Items from a data source

+---+

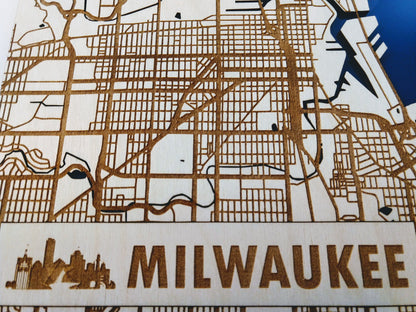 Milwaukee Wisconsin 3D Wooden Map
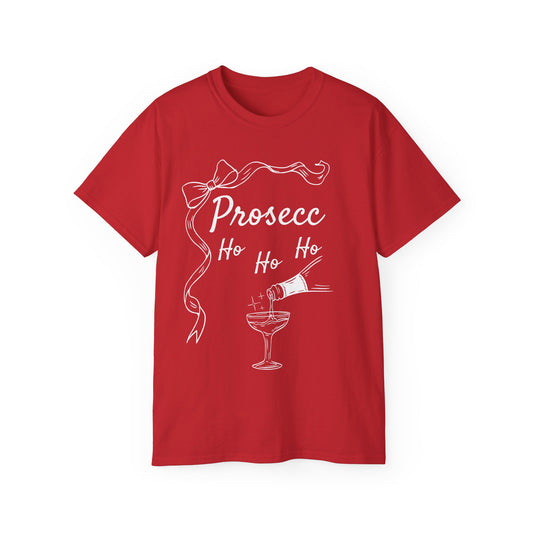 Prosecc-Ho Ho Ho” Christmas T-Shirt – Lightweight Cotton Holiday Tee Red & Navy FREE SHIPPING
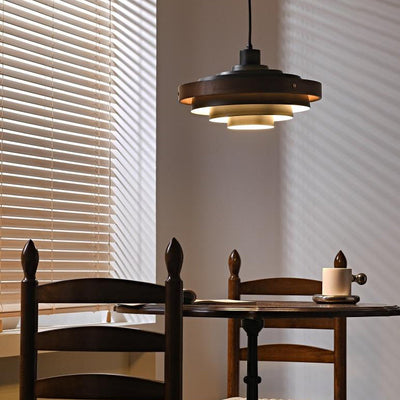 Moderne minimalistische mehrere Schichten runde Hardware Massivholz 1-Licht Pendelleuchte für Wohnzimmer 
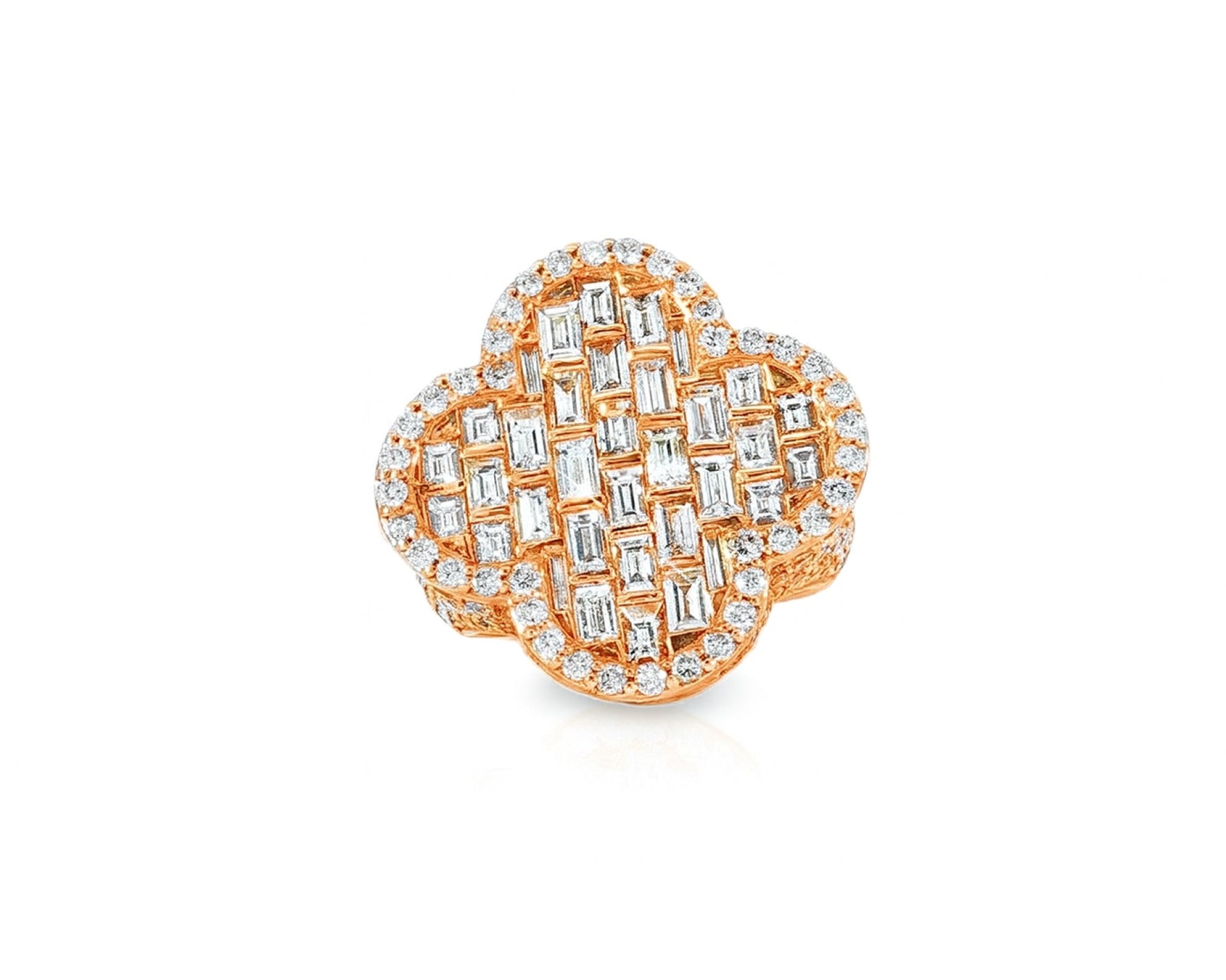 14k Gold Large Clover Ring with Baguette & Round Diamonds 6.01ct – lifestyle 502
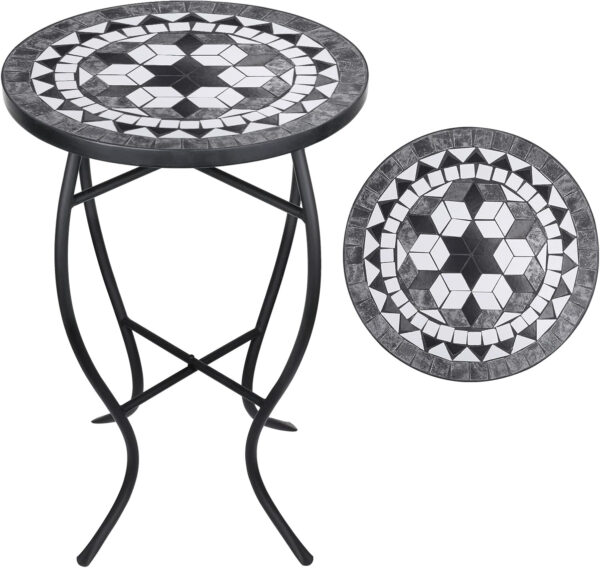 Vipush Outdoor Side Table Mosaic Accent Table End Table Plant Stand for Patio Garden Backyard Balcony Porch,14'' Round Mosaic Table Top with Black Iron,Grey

+---+

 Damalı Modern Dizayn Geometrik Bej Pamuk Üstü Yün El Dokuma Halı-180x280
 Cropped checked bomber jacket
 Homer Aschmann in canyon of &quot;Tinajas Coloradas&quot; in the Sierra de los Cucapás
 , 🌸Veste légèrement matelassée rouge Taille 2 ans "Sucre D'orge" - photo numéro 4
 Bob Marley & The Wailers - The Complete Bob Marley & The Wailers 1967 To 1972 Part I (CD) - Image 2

+---+

**WORK REQUIRED**
Using the entries above, repeat exactly the lines from the one with "Milwaukee Wisconsin 3D Wooden Map" to the one with "Vipush Outdoor Side", both included, and leave the pictures behind.

**REPLY TO THE TASK**
 Milwaukee Wisconsin 3D Wooden Map
 Prosecc-Ho Ho Ho” Christmas T-Shirt – Lightweight Cotton Holiday Tee Red & Navy FREE SHIPPING
 Moderne minimalistische mehrere Schichten runde Hardware Massivholz 1-Licht Pendelleuchte für Wohnzimmer 
 14k Gold Large Clover Ring with Baguette & Round Diamonds 6.01ct – lifestyle 502
 Vipush Outdoor Side Table Mosaic Accent Table End Table Plant Stand for Patio Garden Backyard Balcony Porch,14'' Round Mosaic Table Top with Black Iron,Grey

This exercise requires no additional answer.